Gli eventi avversi severi (grado 3 – 4) più comunemente registrati durante il trattamento con osimertinib, non necessariamente attribuiti al trattamento in corso, sono stati embolia polmonare (in 7 pazienti, pari al 3%), prolungamento dell’intervallo QT all’elettrocardiogramma (in 5 pazienti, pari al 2%), neutropenia (4 pazienti, 2%), e anemia, dispnea, iponatremia, innalzamento dell’ALT e piastrinopenia (ciascun evento in 3 pazienti pari all’1% circa). Eventi avversi seri sono stati descritti in 52 pazienti (pari al 25% della popolazione in studio) e in 11 casi (pari al 5%) gli sperimentatori hanno giudicato possibile il nesso con il trattamento. Complessivamente sono state registrate 7 morti legate non a progressione di malattia ma ad eventi avversi, e in 1 caso (polmonite interstiziale) l’evento letale è stato giudicato potenzialmente legato al trattamento con osimertinib.

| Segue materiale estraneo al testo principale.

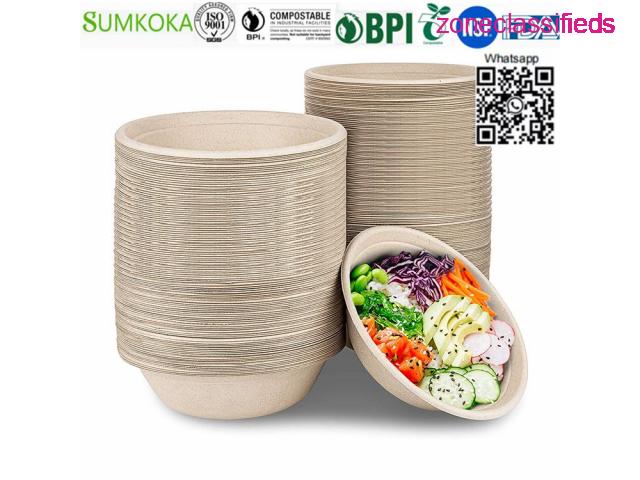 32 OZ take out bowl disposable sugarcane bowl sugarcane salad bowl - 3/8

In questo studio, l’osimertinib ha dimostrato una elevata proporzione di risposte obiettive, con un profilo di tossicità decisamente favorevole, in pazienti in progressione dopo aver ricevuto un precedente trattamento con un inibitore di EGFR, nei quali l’analisi molecolare delle cellule tumorali documenti la presenza della mutazione T790M. I risultati dello studio AURA2 si aggiungono ai dati della coorte di espansione dello studio AURA, che già aveva documentato un’elevata proporzione di risposte obiettive, proponendo l’osimertinib come una concreta chance terapeutica alla comparsa di resistenza ai “classici” inibitori di EGFR, in presenza della mutazione T790M.
Osimertinib è stato approvato dall’EMA per il trattamento dei pazienti con NSCLC avanzato, nei casi in cui sia documentata la presenza di mutazione T790M. La possibilità di impiego è indipendente rispetto al precedente trattamento con un altro inibitore di EGFR, anche se, come è ben noto, la mutazione T790M è raramente presente alla diagnosi, e diventa frequente alla comparsa di resistenza al trattamento con gefitinib, o erlotinib, o afatinib. In tali pazienti resistenti, lo studio AURA3 ha documentato un vantaggio a favore di osimertinib rispetto alla chemioterapia. Lo studio FLAURA confronta invece osimertinib vs. gefitinib come trattamento di prima linea dei pazienti con mutazione di EGFR.